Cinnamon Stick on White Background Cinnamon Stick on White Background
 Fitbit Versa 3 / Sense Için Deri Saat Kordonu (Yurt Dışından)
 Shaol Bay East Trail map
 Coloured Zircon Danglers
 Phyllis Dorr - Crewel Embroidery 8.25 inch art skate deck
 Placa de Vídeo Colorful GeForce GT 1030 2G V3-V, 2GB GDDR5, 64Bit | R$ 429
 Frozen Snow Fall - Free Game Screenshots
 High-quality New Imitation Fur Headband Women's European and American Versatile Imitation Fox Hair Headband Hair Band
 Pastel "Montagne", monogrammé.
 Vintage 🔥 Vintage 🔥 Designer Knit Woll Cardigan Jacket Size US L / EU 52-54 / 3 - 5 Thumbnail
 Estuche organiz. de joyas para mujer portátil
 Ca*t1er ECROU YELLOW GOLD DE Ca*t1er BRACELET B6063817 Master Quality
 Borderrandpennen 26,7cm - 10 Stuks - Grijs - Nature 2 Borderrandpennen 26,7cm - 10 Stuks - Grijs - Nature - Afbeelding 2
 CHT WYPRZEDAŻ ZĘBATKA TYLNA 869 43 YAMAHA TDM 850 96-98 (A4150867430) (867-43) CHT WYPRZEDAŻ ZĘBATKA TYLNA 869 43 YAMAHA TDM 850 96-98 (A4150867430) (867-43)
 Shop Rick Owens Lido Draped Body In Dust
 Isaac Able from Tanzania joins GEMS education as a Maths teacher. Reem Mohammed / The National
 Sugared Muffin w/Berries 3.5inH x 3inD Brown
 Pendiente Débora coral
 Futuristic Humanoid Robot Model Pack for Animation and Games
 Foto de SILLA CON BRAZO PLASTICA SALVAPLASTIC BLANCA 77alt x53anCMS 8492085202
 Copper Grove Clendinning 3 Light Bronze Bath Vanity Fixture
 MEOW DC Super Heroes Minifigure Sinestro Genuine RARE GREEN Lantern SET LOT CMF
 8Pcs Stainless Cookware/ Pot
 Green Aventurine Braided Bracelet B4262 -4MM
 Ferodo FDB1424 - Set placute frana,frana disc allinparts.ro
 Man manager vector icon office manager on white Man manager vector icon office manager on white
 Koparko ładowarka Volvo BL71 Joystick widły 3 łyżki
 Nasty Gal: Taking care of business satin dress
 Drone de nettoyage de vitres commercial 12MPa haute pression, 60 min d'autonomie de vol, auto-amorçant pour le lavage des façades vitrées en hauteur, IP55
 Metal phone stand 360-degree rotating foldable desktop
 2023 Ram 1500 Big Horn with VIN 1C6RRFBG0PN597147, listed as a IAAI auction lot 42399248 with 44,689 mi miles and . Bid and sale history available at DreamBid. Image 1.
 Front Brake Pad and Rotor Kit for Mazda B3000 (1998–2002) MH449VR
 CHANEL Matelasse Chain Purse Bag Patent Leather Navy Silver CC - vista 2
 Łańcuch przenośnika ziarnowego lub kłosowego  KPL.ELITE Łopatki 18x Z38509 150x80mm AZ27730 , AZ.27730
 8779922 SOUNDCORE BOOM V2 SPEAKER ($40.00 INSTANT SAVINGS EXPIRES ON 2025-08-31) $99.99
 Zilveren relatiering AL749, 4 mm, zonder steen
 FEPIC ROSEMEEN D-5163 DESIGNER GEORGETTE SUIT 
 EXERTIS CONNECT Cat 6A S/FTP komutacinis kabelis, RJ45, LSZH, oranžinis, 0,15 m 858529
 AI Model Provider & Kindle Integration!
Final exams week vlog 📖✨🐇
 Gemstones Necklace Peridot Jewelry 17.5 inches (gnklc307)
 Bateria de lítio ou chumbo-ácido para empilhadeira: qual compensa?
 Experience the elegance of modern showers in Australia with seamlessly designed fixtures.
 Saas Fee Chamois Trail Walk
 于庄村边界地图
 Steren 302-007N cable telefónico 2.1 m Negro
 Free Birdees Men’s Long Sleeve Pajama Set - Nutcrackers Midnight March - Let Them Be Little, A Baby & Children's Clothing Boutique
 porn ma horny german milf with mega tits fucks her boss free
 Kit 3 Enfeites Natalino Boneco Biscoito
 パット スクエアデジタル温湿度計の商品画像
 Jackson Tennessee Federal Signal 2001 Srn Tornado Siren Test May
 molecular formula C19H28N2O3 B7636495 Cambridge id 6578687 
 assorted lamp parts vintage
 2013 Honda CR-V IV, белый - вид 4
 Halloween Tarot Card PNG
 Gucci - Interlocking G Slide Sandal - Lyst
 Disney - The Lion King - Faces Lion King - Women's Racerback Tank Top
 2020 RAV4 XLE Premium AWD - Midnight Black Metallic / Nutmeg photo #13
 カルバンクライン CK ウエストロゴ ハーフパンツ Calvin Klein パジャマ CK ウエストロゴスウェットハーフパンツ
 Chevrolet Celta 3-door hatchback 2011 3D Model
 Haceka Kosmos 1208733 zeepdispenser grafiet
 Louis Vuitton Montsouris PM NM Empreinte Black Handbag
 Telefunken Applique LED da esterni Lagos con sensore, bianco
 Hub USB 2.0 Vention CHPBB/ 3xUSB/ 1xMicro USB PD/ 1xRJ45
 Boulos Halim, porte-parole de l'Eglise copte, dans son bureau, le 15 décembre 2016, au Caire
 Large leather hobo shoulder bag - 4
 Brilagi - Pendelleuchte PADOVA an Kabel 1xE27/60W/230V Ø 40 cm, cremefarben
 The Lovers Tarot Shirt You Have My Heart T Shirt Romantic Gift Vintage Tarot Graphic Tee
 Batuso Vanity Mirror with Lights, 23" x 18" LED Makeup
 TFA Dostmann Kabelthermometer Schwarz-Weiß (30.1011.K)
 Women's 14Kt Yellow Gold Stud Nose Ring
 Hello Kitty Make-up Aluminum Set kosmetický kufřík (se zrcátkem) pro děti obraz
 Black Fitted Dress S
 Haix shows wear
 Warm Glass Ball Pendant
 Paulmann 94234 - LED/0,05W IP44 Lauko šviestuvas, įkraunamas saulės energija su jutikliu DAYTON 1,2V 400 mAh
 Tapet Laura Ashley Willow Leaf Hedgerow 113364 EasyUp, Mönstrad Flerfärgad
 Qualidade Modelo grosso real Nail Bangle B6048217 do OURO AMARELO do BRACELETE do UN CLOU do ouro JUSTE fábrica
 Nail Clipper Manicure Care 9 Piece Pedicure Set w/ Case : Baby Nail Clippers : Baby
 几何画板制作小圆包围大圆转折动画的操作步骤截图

## ASSIGNED TASK
All entries above must be reproduced without a single change.

## EXERCISE ANSWER
Cinnamon Stick on White Background Cinnamon Stick on White Background
 Fitbit Versa 3 / Sense Için Deri Saat Kordonu (Yurt Dışından)
 Shaol Bay East Trail map
 Coloured Zircon Danglers
 Phyllis Dorr - Crewel Embroidery 8.25 inch art skate deck
 Placa de Vídeo Colorful GeForce GT 1030 2G V3-V, 2GB GDDR5, 64Bit | R$ 429
 Frozen Snow Fall - Free Game Screenshots
 High-quality New Imitation Fur Headband Women's European and American Versatile Imitation Fox Hair Headband Hair Band
 Pastel "Montagne", monogrammé.
 Vintage 🔥 Vintage 🔥 Designer Knit Woll Cardigan Jacket Size US L / EU 52-54 / 3 - 5 Thumbnail
 Estuche organiz. de joyas para mujer portátil
 Ca*t1er ECROU YELLOW GOLD DE Ca*t1er BRACELET B6063817 Master Quality
 Borderrandpennen 26,7cm - 10 Stuks - Grijs - Nature 2 Borderrandpennen 26,7cm - 10 Stuks - Grijs - Nature - Afbeelding 2
 CHT WYPRZEDAŻ ZĘBATKA TYLNA 869 43 YAMAHA TDM 850 96-98 (A4150867430) (867-43) CHT WYPRZEDAŻ ZĘBATKA TYLNA 869 43 YAMAHA TDM 850 96-98 (A4150867430) (867-43)
 Shop Rick Owens Lido Draped Body In Dust
 Isaac Able from Tanzania joins GEMS education as a Maths teacher. Reem Mohammed / The National
 Sugared Muffin w/Berries 3.5inH x 3inD Brown
 Pendiente Débora coral
 Futuristic Humanoid Robot Model Pack for Animation and Games
 Foto de SILLA CON BRAZO PLASTICA SALVAPLASTIC BLANCA 77alt x53anCMS 8492085202
 Copper Grove Clendinning 3 Light Bronze Bath Vanity Fixture
 MEOW DC Super Heroes Minifigure Sinestro Genuine RARE GREEN Lantern SET LOT CMF
 8Pcs Stainless Cookware/ Pot
 Green Aventurine Braided Bracelet B4262 -4MM
 Ferodo FDB1424 - Set placute frana,frana disc allinparts.ro
 Man manager vector icon office manager on white Man manager vector icon office manager on white
 Koparko ładowarka Volvo BL71 Joystick widły 3 łyżki
 Nasty Gal: Taking care of business satin dress
 Drone de nettoyage de vitres commercial 12MPa haute pression, 60 min d'autonomie de vol, auto-amorçant pour le lavage des façades vitrées en hauteur, IP55
 Metal phone stand 360-degree rotating foldable desktop
 2023 Ram 1500 Big Horn with VIN 1C6RRFBG0PN597147, listed as a IAAI auction lot 42399248 with 44,689 mi miles and . Bid and sale history available at DreamBid. Image 1.
 Front Brake Pad and Rotor Kit for Mazda B3000 (1998–2002) MH449VR
 CHANEL Matelasse Chain Purse Bag Patent Leather Navy Silver CC - vista 2
 Łańcuch przenośnika ziarnowego lub kłosowego  KPL.ELITE Łopatki 18x Z38509 150x80mm AZ27730 , AZ.27730
 8779922 SOUNDCORE BOOM V2 SPEAKER ($40.00 INSTANT SAVINGS EXPIRES ON 2025-08-31) $99.99
 Zilveren relatiering AL749, 4 mm, zonder steen
 FEPIC ROSEMEEN D-5163 DESIGNER GEORGETTE SUIT 
 EXERTIS CONNECT Cat 6A S/FTP komutacinis kabelis, RJ45, LSZH, oranžinis, 0,15 m 858529
 AI Model Provider & Kindle Integration!
Final exams week vlog 📖✨🐇
 Gemstones Necklace Peridot Jewelry 17.5 inches (gnklc307)
 Bateria de lítio ou chumbo-ácido para empilhadeira: qual compensa?
 Experience the elegance of modern showers in Australia with seamlessly designed fixtures.
 Saas Fee Chamois Trail Walk
 于庄村边界地图
 Steren 302-007N cable telefónico 2.1 m Negro
 Free Birdees Men’s Long Sleeve Pajama Set - Nutcrackers Midnight March - Let Them Be Little, A Baby & Children's Clothing Boutique
 porn ma horny german milf with mega tits fucks her boss free
 Kit 3 Enfeites Natalino Boneco Biscoito
 パット スクエアデジタル温湿度計の商品画像
 Jackson Tennessee Federal Signal 2001 Srn Tornado Siren Test May
 molecular formula C19H28N2O3 B7636495 Cambridge id 6578687 
 assorted lamp parts vintage
 2013 Honda CR-V IV, белый - вид 4
 Halloween Tarot Card PNG
 Gucci - Interlocking G Slide Sandal - Lyst
 Disney - The Lion King - Faces Lion King - Women's Racerback Tank Top
 2020 RAV4 XLE Premium AWD - Midnight Black Metallic / Nutmeg photo #13
 カルバンクライン CK ウエストロゴ ハーフパンツ Calvin Klein パジャマ CK ウエストロゴスウェットハーフパンツ
 Chevrolet Celta 3-door hatchback 2011 3D Model
 Haceka Kosmos 1208733 zeepdispenser grafiet
 Louis Vuitton Montsouris PM NM Empreinte Black Handbag
 Telefunken Applique LED da esterni Lagos con sensore, bianco
 Hub USB 2.0 Vention CHPBB/ 3xUSB/ 1xMicro USB PD/ 1xRJ45
 Boulos Halim, porte-parole de l'Eglise copte, dans son bureau, le 15 décembre 2016, au Caire
 Large leather hobo shoulder bag - 4
 Brilagi - Pendelleuchte PADOVA an Kabel 1xE27/60W/230V Ø 40 cm, cremefarben
 The Lovers Tarot Shirt You Have My Heart T Shirt Romantic Gift Vintage Tarot Graphic Tee
 Batuso Vanity Mirror with Lights, 23" x 18" LED Makeup
 TFA Dostmann Kabelthermometer Schwarz-Weiß (30.1011.K)
 Women's 14Kt Yellow Gold Stud Nose Ring
 Hello Kitty Make-up Aluminum Set kosmetický kufřík (se zrcátkem) pro děti obraz
 Black Fitted Dress S
 Haix shows wear
 Warm Glass Ball Pendant
 Paulmann 94234 - LED/0,05W IP44 Lauko šviestuvas, įkraunamas saulės energija su jutikliu DAYTON 1,2V 400 mAh
 Tapet Laura Ashley Willow Leaf Hedgerow 113364 EasyUp, Mönstrad Flerfärgad
 Qualidade Modelo grosso real Nail Bangle B6048217 do OURO AMARELO do BRACELETE do UN CLOU do ouro JUSTE fábrica
 Nail Clipper Manicure Care 9 Piece Pedicure Set w/ Case : Baby Nail Clippers : Baby
 几何画板制作小圆包围大圆转折动画的操作步骤截图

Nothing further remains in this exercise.